After all the excitment over the weekend and the last few days on tour with JLS, I am just about back in the land of the living! It's these days, after the big highs, which are always the hardest, it becomes really important to pick yourself straight up and keep going, otherwise you don't know what to be doing with yourself! I can see the addictive side to performing in front of crowds that size, and with 10,000 people screaming for you it is extremely easy to see why, the problem then becomes that you expect that sort of addulation when you leave your house to go to the car, but unfotrunately nothing really comes close. While my band is not quite on the scale of JLS we have had an amazing journey so far which has provided us with more than a bit of a taster. But I am very glad I have another passion in my life, which of course is cooking, it keeps me distracted and after the big high, there is nothing better than getting back into the kitchen to refocus! In my case the answer is cupcakes!

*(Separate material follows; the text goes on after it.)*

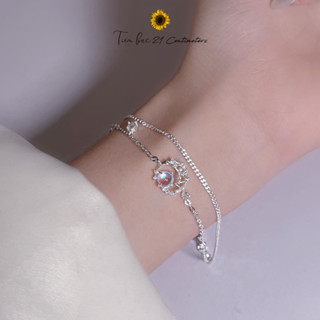 Lắc tay bạc Kép Glitter Moon, Lắc tay Tiệm bạc 21Centimeters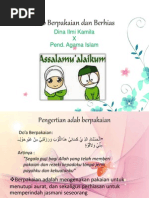 Adab Berpakaian Dan Berhias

Mega Chocolate Fudge Cupcakes
(Recipe adapted from BBC Good Food and food styling by Erica Ryan)
This batter makes really delicious and moist cupcakes which will give you more reason to have just one more! The batter is a lot more runny than normal cupcakes batters, but will rise so just make sure not to overfill the cases, halfway up is just perfect.
Makes about 16
175g Self raising flour
2 tablespoon of cocoa powder
1 teaspoon of bicarbonate soda
150g caster sugar
2 eggs beaten
150 ml (1/4 pint) sunflower oil
150 ml (1/4 pint) semi skimmed milk
2 tablespoon of golden syrup
For the frosting
75g unsalted butter
175g icing Sugar
3 tablespoon cocoa powder
Drop of Milk
Pre-heat oven to 180ºC/350F/Gas Mark 4. Line a muffin tray with cupcake cases.
Sieve the flour, cocoa and Bicarbonate of Soda into a bowl. Add the sugar and mix well.
Make a well in the centre and add the syrup, eggs, oil and milk. Beat well with electric whisk until smooth.
Spoon the mixture into the cupcake cases about halfway up and bake for about 20 minutes or until they have risen and are firm to the touch. Remove from oven, leave to cool before turning out onto a cooling rack.
To make your butter icing, place the butter in a bowl and beat until soft. Gradually sift and beat in the icing sugar and cocoa powder then add enough milk to make the icing fluffy and spreadable.
Top the cooled cupcakes with delicious frosting and enjoy!